(Records drawn from a dataset)
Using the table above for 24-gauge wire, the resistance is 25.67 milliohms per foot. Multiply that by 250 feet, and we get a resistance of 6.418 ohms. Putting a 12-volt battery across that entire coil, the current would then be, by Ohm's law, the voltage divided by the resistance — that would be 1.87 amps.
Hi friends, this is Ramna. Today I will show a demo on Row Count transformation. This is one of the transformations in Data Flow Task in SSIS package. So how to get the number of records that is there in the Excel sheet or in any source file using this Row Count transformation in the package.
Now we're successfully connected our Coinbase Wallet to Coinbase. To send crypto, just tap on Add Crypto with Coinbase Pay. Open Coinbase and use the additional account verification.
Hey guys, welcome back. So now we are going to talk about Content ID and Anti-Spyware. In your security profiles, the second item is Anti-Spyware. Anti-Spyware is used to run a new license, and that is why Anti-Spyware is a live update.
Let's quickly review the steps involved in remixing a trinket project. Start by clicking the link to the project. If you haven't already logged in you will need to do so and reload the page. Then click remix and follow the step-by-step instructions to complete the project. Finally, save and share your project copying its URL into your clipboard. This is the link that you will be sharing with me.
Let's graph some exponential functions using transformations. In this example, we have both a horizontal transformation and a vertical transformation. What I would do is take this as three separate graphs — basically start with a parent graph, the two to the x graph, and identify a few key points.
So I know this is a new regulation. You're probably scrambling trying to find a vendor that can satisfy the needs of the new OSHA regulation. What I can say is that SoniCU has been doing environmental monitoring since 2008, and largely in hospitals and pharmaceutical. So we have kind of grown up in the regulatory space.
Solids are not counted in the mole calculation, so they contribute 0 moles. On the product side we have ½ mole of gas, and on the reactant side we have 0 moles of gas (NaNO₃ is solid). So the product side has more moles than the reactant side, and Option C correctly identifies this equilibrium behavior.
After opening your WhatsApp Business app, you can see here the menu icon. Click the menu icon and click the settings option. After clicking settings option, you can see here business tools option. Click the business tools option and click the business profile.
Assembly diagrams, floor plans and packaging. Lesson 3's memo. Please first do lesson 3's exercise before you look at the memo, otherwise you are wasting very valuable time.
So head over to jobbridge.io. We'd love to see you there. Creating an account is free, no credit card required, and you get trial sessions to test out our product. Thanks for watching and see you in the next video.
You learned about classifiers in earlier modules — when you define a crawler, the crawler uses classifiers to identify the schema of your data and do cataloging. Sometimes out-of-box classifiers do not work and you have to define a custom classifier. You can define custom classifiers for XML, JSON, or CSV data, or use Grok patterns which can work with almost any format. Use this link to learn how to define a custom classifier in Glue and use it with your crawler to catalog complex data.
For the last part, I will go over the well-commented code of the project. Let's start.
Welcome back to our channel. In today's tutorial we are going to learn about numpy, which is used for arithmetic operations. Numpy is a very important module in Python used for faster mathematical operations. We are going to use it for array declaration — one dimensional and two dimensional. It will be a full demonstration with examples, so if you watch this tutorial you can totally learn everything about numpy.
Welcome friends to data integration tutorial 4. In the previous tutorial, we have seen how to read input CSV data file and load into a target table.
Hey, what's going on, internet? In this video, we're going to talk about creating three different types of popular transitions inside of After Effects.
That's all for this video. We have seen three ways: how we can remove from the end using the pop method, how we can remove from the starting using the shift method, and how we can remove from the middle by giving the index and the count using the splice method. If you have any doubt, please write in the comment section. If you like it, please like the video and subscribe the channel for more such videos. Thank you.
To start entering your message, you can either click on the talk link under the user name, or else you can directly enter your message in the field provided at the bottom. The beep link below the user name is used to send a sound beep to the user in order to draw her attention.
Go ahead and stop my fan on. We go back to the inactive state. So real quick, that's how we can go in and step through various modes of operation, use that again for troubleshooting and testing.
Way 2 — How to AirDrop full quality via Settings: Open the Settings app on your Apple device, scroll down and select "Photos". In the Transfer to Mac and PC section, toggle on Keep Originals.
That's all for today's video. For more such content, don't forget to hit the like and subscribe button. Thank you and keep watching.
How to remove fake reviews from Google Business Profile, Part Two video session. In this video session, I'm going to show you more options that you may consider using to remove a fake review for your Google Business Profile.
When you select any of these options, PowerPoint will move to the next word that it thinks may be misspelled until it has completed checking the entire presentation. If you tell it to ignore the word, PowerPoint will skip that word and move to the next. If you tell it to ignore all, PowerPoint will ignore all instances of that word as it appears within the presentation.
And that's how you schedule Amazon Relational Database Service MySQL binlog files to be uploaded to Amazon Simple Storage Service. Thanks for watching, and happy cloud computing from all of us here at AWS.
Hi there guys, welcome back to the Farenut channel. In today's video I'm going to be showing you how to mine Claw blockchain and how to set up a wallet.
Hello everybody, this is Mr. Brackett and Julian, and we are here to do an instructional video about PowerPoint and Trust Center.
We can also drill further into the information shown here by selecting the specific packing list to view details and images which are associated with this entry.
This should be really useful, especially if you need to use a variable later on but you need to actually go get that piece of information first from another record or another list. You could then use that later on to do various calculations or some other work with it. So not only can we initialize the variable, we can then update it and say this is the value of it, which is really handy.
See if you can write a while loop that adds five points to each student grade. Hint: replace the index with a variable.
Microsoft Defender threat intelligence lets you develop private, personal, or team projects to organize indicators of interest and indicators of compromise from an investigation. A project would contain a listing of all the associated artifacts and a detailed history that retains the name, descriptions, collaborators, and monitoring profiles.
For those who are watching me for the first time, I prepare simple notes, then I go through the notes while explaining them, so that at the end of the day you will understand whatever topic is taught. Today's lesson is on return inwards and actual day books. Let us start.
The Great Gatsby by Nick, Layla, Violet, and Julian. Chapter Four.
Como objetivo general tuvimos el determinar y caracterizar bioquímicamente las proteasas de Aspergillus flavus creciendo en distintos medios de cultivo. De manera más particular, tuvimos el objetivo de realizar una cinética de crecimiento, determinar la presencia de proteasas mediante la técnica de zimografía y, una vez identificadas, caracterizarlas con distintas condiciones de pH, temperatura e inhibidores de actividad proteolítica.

• **THE TASK**
Return exactly the lines above from the line that has "For the last" through the line that has "Hey, what's going", inclusive, and nothing else.

• **TASK RESULT**
For the last part, I will go over the well-commented code of the project. Let's start.
Welcome back to our channel. In today's tutorial we are going to learn about numpy, which is used for arithmetic operations. Numpy is a very important module in Python used for faster mathematical operations. We are going to use it for array declaration — one dimensional and two dimensional. It will be a full demonstration with examples, so if you watch this tutorial you can totally learn everything about numpy.
Welcome friends to data integration tutorial 4. In the previous tutorial, we have seen how to read input CSV data file and load into a target table.
Hey, what's going on, internet? In this video, we're going to talk about creating three different types of popular transitions inside of After Effects.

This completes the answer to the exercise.